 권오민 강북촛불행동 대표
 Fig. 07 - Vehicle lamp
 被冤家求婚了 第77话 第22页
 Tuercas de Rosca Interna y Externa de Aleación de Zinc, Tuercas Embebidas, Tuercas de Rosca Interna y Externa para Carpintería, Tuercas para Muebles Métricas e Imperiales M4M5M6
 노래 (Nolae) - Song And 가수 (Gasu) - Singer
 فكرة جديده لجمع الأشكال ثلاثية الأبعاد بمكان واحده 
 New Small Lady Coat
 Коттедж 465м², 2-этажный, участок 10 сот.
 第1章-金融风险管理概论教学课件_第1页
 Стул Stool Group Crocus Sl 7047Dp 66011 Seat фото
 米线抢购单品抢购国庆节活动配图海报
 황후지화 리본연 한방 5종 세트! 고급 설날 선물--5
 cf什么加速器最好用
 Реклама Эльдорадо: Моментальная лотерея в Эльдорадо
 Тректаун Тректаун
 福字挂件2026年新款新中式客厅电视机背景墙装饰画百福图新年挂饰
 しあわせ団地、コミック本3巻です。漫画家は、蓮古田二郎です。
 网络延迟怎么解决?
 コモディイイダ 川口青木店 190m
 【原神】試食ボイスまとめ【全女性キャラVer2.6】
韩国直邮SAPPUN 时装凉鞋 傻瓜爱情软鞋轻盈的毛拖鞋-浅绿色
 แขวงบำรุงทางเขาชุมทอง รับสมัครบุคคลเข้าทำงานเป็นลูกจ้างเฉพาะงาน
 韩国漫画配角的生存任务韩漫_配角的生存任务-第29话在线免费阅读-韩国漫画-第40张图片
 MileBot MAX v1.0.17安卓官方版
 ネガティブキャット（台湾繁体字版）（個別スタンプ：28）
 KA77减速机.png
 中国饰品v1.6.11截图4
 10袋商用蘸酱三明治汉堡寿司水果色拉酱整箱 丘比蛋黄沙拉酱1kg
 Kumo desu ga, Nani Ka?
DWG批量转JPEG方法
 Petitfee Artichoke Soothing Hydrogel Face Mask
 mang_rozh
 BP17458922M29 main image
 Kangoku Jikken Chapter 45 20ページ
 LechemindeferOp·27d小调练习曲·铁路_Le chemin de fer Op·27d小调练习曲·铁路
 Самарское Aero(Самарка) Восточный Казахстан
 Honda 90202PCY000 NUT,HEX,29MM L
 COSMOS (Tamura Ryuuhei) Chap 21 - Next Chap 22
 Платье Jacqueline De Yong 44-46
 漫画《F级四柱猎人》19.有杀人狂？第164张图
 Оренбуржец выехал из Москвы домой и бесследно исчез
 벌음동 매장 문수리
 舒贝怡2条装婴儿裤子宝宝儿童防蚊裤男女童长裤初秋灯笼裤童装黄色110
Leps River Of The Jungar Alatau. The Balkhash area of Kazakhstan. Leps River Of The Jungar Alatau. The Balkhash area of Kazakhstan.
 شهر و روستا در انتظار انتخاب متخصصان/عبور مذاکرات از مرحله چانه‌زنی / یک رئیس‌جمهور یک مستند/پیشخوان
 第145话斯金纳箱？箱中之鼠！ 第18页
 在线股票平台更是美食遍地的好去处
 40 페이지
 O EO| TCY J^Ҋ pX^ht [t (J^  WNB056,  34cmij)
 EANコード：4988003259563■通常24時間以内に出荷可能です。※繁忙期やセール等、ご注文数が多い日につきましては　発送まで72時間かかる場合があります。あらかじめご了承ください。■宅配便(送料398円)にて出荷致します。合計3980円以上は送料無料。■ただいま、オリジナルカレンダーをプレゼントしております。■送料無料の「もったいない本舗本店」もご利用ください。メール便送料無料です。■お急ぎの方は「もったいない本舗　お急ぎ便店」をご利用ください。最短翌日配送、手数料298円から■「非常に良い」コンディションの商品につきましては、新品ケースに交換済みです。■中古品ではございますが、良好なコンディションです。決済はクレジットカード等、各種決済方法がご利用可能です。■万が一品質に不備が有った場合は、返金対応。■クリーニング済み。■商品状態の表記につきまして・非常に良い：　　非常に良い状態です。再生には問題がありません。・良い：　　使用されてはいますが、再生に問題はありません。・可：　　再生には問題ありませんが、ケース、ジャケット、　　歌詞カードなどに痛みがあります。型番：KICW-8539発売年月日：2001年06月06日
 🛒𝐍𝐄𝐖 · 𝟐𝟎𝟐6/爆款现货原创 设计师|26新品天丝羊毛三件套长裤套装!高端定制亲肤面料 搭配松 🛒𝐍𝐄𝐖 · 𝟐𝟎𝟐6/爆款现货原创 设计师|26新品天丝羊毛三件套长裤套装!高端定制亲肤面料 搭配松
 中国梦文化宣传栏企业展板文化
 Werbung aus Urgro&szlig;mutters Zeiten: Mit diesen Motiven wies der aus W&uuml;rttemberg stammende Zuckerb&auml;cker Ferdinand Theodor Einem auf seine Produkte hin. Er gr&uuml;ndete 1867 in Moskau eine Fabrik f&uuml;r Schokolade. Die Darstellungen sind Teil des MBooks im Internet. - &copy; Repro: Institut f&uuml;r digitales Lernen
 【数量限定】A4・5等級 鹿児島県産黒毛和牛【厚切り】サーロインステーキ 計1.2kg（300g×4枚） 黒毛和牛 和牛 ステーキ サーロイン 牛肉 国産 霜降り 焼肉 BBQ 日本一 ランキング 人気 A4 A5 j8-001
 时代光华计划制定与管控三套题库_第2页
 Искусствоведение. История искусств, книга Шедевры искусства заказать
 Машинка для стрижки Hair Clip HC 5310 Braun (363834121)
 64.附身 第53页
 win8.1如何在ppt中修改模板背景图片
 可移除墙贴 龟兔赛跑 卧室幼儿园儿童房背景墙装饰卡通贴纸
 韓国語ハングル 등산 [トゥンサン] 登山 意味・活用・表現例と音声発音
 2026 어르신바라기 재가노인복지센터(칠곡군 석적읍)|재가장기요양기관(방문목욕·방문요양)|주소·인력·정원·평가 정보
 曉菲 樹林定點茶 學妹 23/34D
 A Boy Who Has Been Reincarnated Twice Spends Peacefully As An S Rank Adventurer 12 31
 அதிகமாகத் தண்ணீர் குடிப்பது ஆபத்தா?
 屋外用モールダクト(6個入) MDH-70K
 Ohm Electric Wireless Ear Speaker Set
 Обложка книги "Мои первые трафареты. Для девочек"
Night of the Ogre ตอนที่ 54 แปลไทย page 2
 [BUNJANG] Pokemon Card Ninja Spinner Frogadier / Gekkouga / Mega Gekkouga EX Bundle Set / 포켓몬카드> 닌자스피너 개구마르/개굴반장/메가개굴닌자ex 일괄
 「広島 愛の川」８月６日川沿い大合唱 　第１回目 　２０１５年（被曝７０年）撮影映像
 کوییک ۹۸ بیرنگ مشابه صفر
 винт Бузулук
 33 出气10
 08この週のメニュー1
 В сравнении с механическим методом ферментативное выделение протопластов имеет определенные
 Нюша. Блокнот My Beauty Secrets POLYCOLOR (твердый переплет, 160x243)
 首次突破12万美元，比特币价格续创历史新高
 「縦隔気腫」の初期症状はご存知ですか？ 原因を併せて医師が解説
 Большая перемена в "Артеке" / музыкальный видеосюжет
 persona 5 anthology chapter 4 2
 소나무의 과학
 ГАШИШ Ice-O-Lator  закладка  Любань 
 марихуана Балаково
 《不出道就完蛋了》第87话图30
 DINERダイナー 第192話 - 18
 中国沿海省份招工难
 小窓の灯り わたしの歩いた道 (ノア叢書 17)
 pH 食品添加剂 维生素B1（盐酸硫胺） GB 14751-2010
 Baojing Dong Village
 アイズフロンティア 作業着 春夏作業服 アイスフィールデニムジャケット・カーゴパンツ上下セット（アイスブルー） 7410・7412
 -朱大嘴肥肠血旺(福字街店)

◆ ◆ ◆ ◆

How to complete this task
Retype all of the entries. Keep each one exactly as written.

The completed task
 권오민 강북촛불행동 대표
 Fig. 07 - Vehicle lamp
 被冤家求婚了 第77话 第22页
 Tuercas de Rosca Interna y Externa de Aleación de Zinc, Tuercas Embebidas, Tuercas de Rosca Interna y Externa para Carpintería, Tuercas para Muebles Métricas e Imperiales M4M5M6
 노래 (Nolae) - Song And 가수 (Gasu) - Singer
 فكرة جديده لجمع الأشكال ثلاثية الأبعاد بمكان واحده 
 New Small Lady Coat
 Коттедж 465м², 2-этажный, участок 10 сот.
 第1章-金融风险管理概论教学课件_第1页
 Стул Stool Group Crocus Sl 7047Dp 66011 Seat фото
 米线抢购单品抢购国庆节活动配图海报
 황후지화 리본연 한방 5종 세트! 고급 설날 선물--5
 cf什么加速器最好用
 Реклама Эльдорадо: Моментальная лотерея в Эльдорадо
 Тректаун Тректаун
 福字挂件2026年新款新中式客厅电视机背景墙装饰画百福图新年挂饰
 しあわせ団地、コミック本3巻です。漫画家は、蓮古田二郎です。
 网络延迟怎么解决?
 コモディイイダ 川口青木店 190m
 【原神】試食ボイスまとめ【全女性キャラVer2.6】
韩国直邮SAPPUN 时装凉鞋 傻瓜爱情软鞋轻盈的毛拖鞋-浅绿色
 แขวงบำรุงทางเขาชุมทอง รับสมัครบุคคลเข้าทำงานเป็นลูกจ้างเฉพาะงาน
 韩国漫画配角的生存任务韩漫_配角的生存任务-第29话在线免费阅读-韩国漫画-第40张图片
 MileBot MAX v1.0.17安卓官方版
 ネガティブキャット（台湾繁体字版）（個別スタンプ：28）
 KA77减速机.png
 中国饰品v1.6.11截图4
 10袋商用蘸酱三明治汉堡寿司水果色拉酱整箱 丘比蛋黄沙拉酱1kg
 Kumo desu ga, Nani Ka?
DWG批量转JPEG方法
 Petitfee Artichoke Soothing Hydrogel Face Mask
 mang_rozh
 BP17458922M29 main image
 Kangoku Jikken Chapter 45 20ページ
 LechemindeferOp·27d小调练习曲·铁路_Le chemin de fer Op·27d小调练习曲·铁路
 Самарское Aero(Самарка) Восточный Казахстан
 Honda 90202PCY000 NUT,HEX,29MM L
 COSMOS (Tamura Ryuuhei) Chap 21 - Next Chap 22
 Платье Jacqueline De Yong 44-46
 漫画《F级四柱猎人》19.有杀人狂？第164张图
 Оренбуржец выехал из Москвы домой и бесследно исчез
 벌음동 매장 문수리
 舒贝怡2条装婴儿裤子宝宝儿童防蚊裤男女童长裤初秋灯笼裤童装黄色110
Leps River Of The Jungar Alatau. The Balkhash area of Kazakhstan. Leps River Of The Jungar Alatau. The Balkhash area of Kazakhstan.
 شهر و روستا در انتظار انتخاب متخصصان/عبور مذاکرات از مرحله چانه‌زنی / یک رئیس‌جمهور یک مستند/پیشخوان
 第145话斯金纳箱？箱中之鼠！ 第18页
 在线股票平台更是美食遍地的好去处
 40 페이지
 O EO| TCY J^Ҋ pX^ht [t (J^  WNB056,  34cmij)
 EANコード：4988003259563■通常24時間以内に出荷可能です。※繁忙期やセール等、ご注文数が多い日につきましては　発送まで72時間かかる場合があります。あらかじめご了承ください。■宅配便(送料398円)にて出荷致します。合計3980円以上は送料無料。■ただいま、オリジナルカレンダーをプレゼントしております。■送料無料の「もったいない本舗本店」もご利用ください。メール便送料無料です。■お急ぎの方は「もったいない本舗　お急ぎ便店」をご利用ください。最短翌日配送、手数料298円から■「非常に良い」コンディションの商品につきましては、新品ケースに交換済みです。■中古品ではございますが、良好なコンディションです。決済はクレジットカード等、各種決済方法がご利用可能です。■万が一品質に不備が有った場合は、返金対応。■クリーニング済み。■商品状態の表記につきまして・非常に良い：　　非常に良い状態です。再生には問題がありません。・良い：　　使用されてはいますが、再生に問題はありません。・可：　　再生には問題ありませんが、ケース、ジャケット、　　歌詞カードなどに痛みがあります。型番：KICW-8539発売年月日：2001年06月06日
 🛒𝐍𝐄𝐖 · 𝟐𝟎𝟐6/爆款现货原创 设计师|26新品天丝羊毛三件套长裤套装!高端定制亲肤面料 搭配松 🛒𝐍𝐄𝐖 · 𝟐𝟎𝟐6/爆款现货原创 设计师|26新品天丝羊毛三件套长裤套装!高端定制亲肤面料 搭配松
 中国梦文化宣传栏企业展板文化
 Werbung aus Urgro&szlig;mutters Zeiten: Mit diesen Motiven wies der aus W&uuml;rttemberg stammende Zuckerb&auml;cker Ferdinand Theodor Einem auf seine Produkte hin. Er gr&uuml;ndete 1867 in Moskau eine Fabrik f&uuml;r Schokolade. Die Darstellungen sind Teil des MBooks im Internet. - &copy; Repro: Institut f&uuml;r digitales Lernen
 【数量限定】A4・5等級 鹿児島県産黒毛和牛【厚切り】サーロインステーキ 計1.2kg（300g×4枚） 黒毛和牛 和牛 ステーキ サーロイン 牛肉 国産 霜降り 焼肉 BBQ 日本一 ランキング 人気 A4 A5 j8-001
 时代光华计划制定与管控三套题库_第2页
 Искусствоведение. История искусств, книга Шедевры искусства заказать
 Машинка для стрижки Hair Clip HC 5310 Braun (363834121)
 64.附身 第53页
 win8.1如何在ppt中修改模板背景图片
 可移除墙贴 龟兔赛跑 卧室幼儿园儿童房背景墙装饰卡通贴纸
 韓国語ハングル 등산 [トゥンサン] 登山 意味・活用・表現例と音声発音
 2026 어르신바라기 재가노인복지센터(칠곡군 석적읍)|재가장기요양기관(방문목욕·방문요양)|주소·인력·정원·평가 정보
 曉菲 樹林定點茶 學妹 23/34D
 A Boy Who Has Been Reincarnated Twice Spends Peacefully As An S Rank Adventurer 12 31
 அதிகமாகத் தண்ணீர் குடிப்பது ஆபத்தா?
 屋外用モールダクト(6個入) MDH-70K
 Ohm Electric Wireless Ear Speaker Set
 Обложка книги "Мои первые трафареты. Для девочек"
Night of the Ogre ตอนที่ 54 แปลไทย page 2
 [BUNJANG] Pokemon Card Ninja Spinner Frogadier / Gekkouga / Mega Gekkouga EX Bundle Set / 포켓몬카드> 닌자스피너 개구마르/개굴반장/메가개굴닌자ex 일괄
 「広島 愛の川」８月６日川沿い大合唱 　第１回目 　２０１５年（被曝７０年）撮影映像
 کوییک ۹۸ بیرنگ مشابه صفر
 винт Бузулук
 33 出气10
 08この週のメニュー1
 В сравнении с механическим методом ферментативное выделение протопластов имеет определенные
 Нюша. Блокнот My Beauty Secrets POLYCOLOR (твердый переплет, 160x243)
 首次突破12万美元，比特币价格续创历史新高
 「縦隔気腫」の初期症状はご存知ですか？ 原因を併せて医師が解説
 Большая перемена в "Артеке" / музыкальный видеосюжет
 persona 5 anthology chapter 4 2
 소나무의 과학
 ГАШИШ Ice-O-Lator  закладка  Любань 
 марихуана Балаково
 《不出道就完蛋了》第87话图30
 DINERダイナー 第192話 - 18
 中国沿海省份招工难
 小窓の灯り わたしの歩いた道 (ノア叢書 17)
 pH 食品添加剂 维生素B1（盐酸硫胺） GB 14751-2010
 Baojing Dong Village
 アイズフロンティア 作業着 春夏作業服 アイスフィールデニムジャケット・カーゴパンツ上下セット（アイスブルー） 7410・7412
 -朱大嘴肥肠血旺(福字街店)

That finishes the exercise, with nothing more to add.